While the term ‘ESG’ first appeared in the mid-noughties, many people still don’t understand what it is or what it means for their organization. According to Gartner, ESG “refers to a collection of corporate performance evaluation criteria that assess the robustness of a company’s governance mechanisms and its ability to effectively manage its environmental and social impacts.”
However, ESG can mean different things to different individuals and organizations. As The Wall Street Journal points out, “contradictory claims about ESG abound, partly because there is no agreed definition of what counts as sustainable.” There are no defined standards around what can and can’t be classed as ESG, or on how ESG metrics should be reported, with several differing frameworks. All this leads to a lot of confusion – confusion your communications have to cut through to deliver their messages effectively.
Define ESG internally
While ESG can mean many different things to other people, you need to be clear on what it means for your organization. Take the time to define ESG within the context of your business, and ensure all employees understand the term and how to use it. This is where great internal comms come in.

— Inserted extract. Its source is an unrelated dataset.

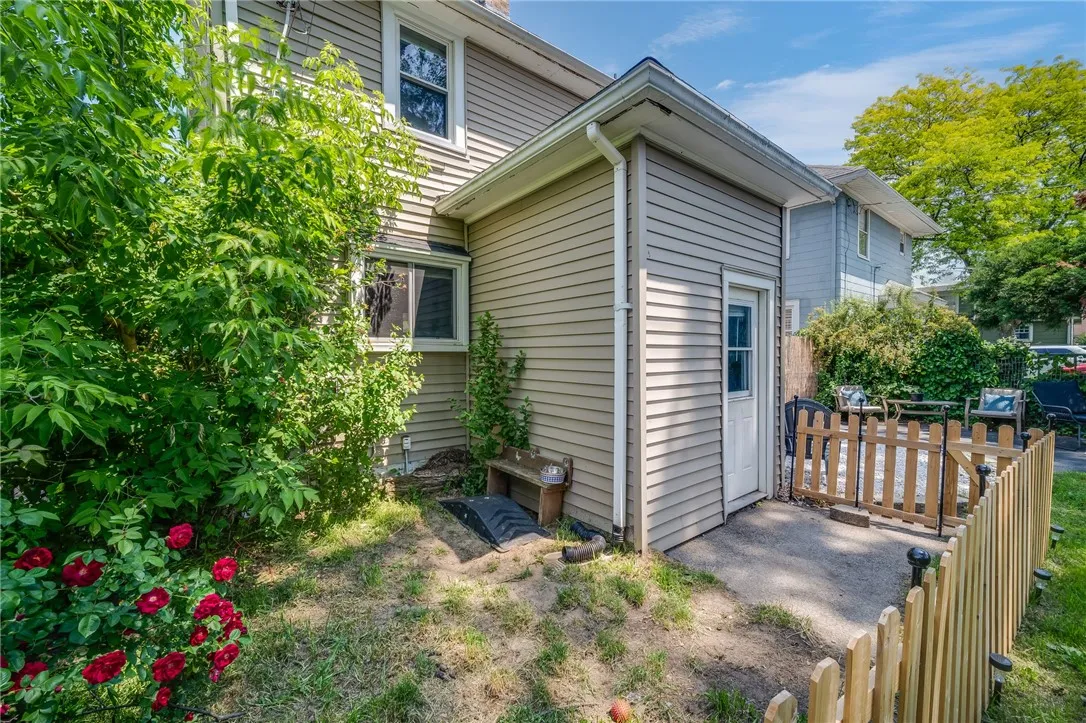 199 Haviland Park, Greece, New York 14616, Greece, New York 14616, 3 Bedrooms Bedrooms, 7 Rooms Rooms,1 BathroomBathrooms,Residential,For Sale,199 Haviland Park, Greece, New York 14616,0,R1689620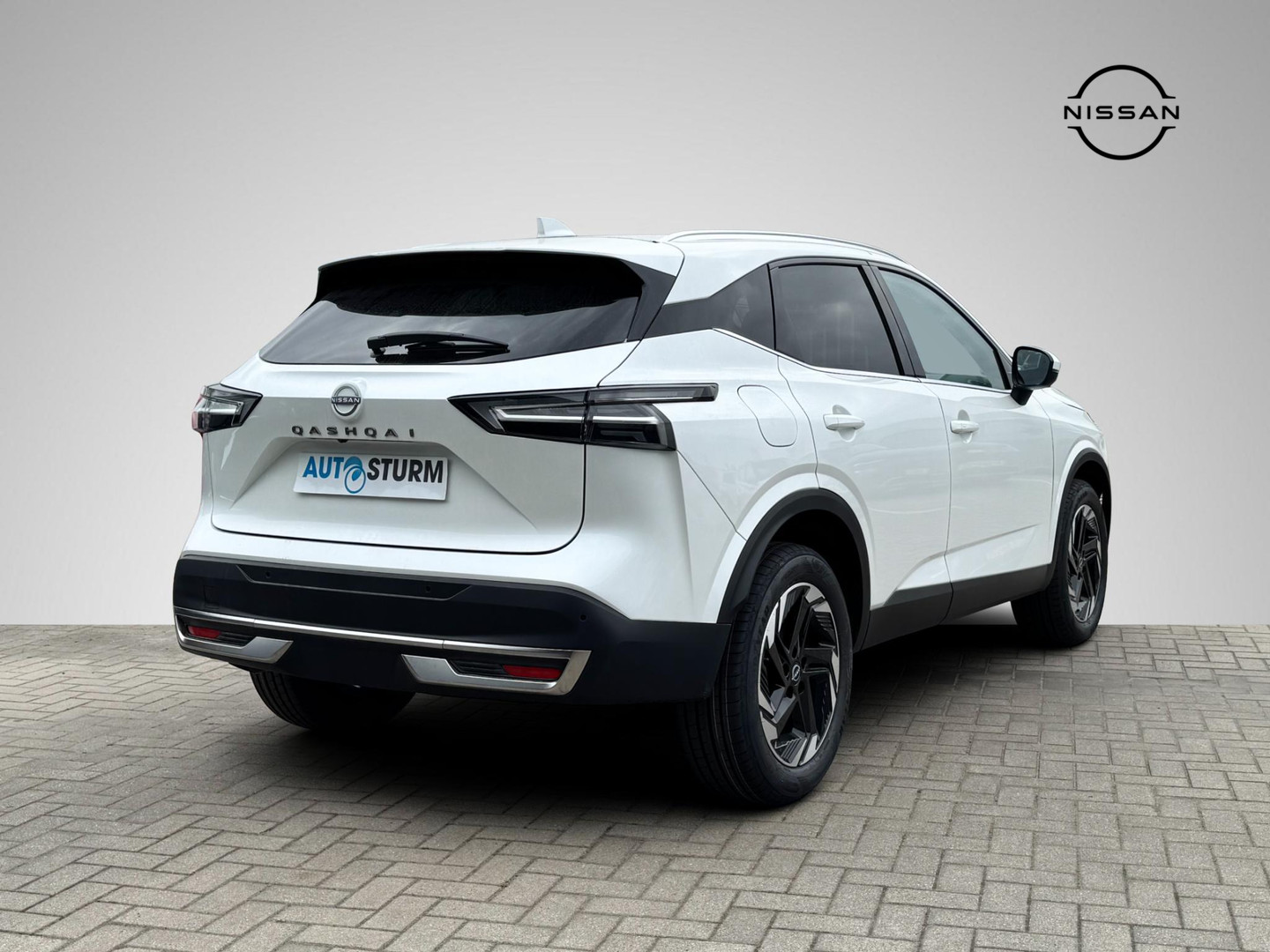 Nissan Nissan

Engaging employees in your brand’s story is a great way to do this. Giving a human touch to internal ESG comms by positioning employees as brand storytellers and ambassadors can have a major impact on how your business is perceived, internally and externally.
Show that you’re taking ESG seriously – bring in subject matter experts to work on your programs and to help you understand the messages you’re communicating. Don’t hesitate to showcase these experts in communications. Why not include quotes from them on the importance of ESG and your organization’s work in this area? These may seem like small things, but they can make your messages come across as much more authentic to your audience.
Our clients UBS are doing interesting work here in the B2B space, promoting ESG initiatives through various assets and media, from virtual events and microsites to interactive quizzes and speaker series. This showcases that they understand their audience’s needs for different types of content, helping to convey a more authentic story.
Bringing in influencers with content such as podcasts can also be a very powerful tool to improve authenticity. Starting a discourse about global topics, showing that you’re not afraid to have difficult conversations, is a great way to have an impact on your audience. Nike has done this recently with a series called Talking Trash, which features conversations between some of the world’s prominent climate experts and young leaders.
Make data digestible
Endless streams of unintelligible figures will put off even the most committed sustainable stakeholder. Data visualization is a powerful tool for communication and emotional impact. Oatly did this well in their 2021 Sustainability Report, visualizing their key statistics through infographics. Whether static or animated, infographics can make internal ESG metrics and KPIs much clearer and easier to understand.
Simplify complex topics
When dealing with the complexities and lack of clarity around ESG, your communication must simplify the topic rather than add to the confusion. Popular in B2C, like the campaign from Inches Cider about their green creds and sustainability, video content is an excellent way of communicating complex topics, drawing information into a straightforward, engaging narrative your audience can follow.
As shown by De Beers Group’s blueprint for creating a positive and sustainable impact, video content perfectly complements written words, allowing for greater storytelling and emotion.
Communicating your ESG stories shouldn’t have to be a challenge. By ensuring all of your stakeholders understand what ESG means to your business, creating authentic, simple communication and breaking down your data into digestible pieces of content, you are one step closer to having a solid ESG communication strategy.